KOSSI : 45 enfants interceptés, les présumés trafiquants aux arrêts
Pendant que le Burkina Faso célébrait son 54e anniversaire à Dédougou, la Police de la Kossi n’avait pas baissé la garde. En effet, c’est ce jour 11 décembre 2014 que le poste frontalier de Madouba, situé à 85 Km au Nord-ouest de Nouna, a intercepté un véhicule de transport en commun, avec à son bord 45 enfants et 6 passeurs en partance pour un pays voisin. C’est pour lancer «un cri du cœur» que le Directeur provincial de l’action sociale et de la solidarité nationale de la Kossi, Moustapha Ouattara, a rencontré la presse le 13 décembre 2014, dans les locaux de ses services. Récit des faits.

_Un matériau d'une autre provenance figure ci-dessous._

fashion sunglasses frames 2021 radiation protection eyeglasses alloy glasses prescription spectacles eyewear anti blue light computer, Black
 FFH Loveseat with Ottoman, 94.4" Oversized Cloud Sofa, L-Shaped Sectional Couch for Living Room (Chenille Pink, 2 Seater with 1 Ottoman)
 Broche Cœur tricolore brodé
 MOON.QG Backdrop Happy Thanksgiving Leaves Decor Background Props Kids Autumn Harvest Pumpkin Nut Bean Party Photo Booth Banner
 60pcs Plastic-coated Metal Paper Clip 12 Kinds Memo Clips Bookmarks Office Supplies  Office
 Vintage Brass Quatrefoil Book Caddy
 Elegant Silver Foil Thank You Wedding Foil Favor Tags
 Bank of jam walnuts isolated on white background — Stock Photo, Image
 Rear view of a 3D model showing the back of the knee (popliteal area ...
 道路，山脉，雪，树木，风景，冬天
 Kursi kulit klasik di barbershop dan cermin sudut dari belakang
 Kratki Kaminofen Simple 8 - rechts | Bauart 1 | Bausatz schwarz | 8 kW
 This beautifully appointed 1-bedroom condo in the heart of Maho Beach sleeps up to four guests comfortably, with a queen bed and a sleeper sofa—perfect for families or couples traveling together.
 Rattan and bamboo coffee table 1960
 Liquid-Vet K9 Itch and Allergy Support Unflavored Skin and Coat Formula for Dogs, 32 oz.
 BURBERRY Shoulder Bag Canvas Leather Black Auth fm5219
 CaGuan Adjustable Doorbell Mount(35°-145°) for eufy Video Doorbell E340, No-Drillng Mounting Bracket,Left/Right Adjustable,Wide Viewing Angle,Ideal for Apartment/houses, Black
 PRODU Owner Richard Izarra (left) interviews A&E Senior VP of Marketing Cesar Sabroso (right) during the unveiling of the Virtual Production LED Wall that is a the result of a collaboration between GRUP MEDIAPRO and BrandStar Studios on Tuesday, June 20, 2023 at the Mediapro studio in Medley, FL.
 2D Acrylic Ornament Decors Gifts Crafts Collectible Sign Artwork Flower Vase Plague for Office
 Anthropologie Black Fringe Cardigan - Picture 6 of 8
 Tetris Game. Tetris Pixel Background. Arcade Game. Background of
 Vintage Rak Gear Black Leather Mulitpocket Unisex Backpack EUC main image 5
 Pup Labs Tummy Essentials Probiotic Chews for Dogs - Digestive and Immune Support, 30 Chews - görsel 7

«C’est aux environs de 15 h que la Police de Madouba, à la frontière malienne, a mis la main sur un véhicule avec à son bord 46 enfants et 6 passeurs. Après vérification, un des enfants était accompagné, mais les 45 autres étaient en situation de trafic». C’est ainsi qu’a débuté la rencontre avec Moustapha Ouattara, Directeur provincial de l’action sociale et de la solidarité nationale (DPASSN) de la Kossi. Selon lui, «les 6 passeurs» sont des Burkinabè résidents à Bamako au Mali, et les 45 enfants sont natifs des villages de Pia1, Kira, Soye, et Gnimini dans la zone de Djibasso. Comme mode opératoire, les parents rassemblent les enfants après les travaux champêtres et attendent l’arrivée des convoyeurs. «Le comble ici, c’est que certains parents sont même complices, en déboursant les frais de transport de leurs enfants qu’ils envoient dans une aventure incertaine», s’est désolé Moustapha Ouattara. Poursuivant son propos, il a fait savoir que suivant les explications des parents et des enfants eux-mêmes, la pratique serait même coutumière et elle permettait aux enfants de subvenir à leurs petits besoins et de venir en aide aux familles. «Je dis non, la place d’un enfant est à l’école. Un enfant ne peut pas prendre en charge, de par son travail, une famille», s’est insurgé M. Ouattara pour qui «les parents ne savent pas qu’ils envoient ainsi leurs enfants à une mort certaine ; pour certains d’entre eux». Le hic est que les 45 enfants interceptés sont âgés de 8 à 16 ans et «aucun n’est scolarisé».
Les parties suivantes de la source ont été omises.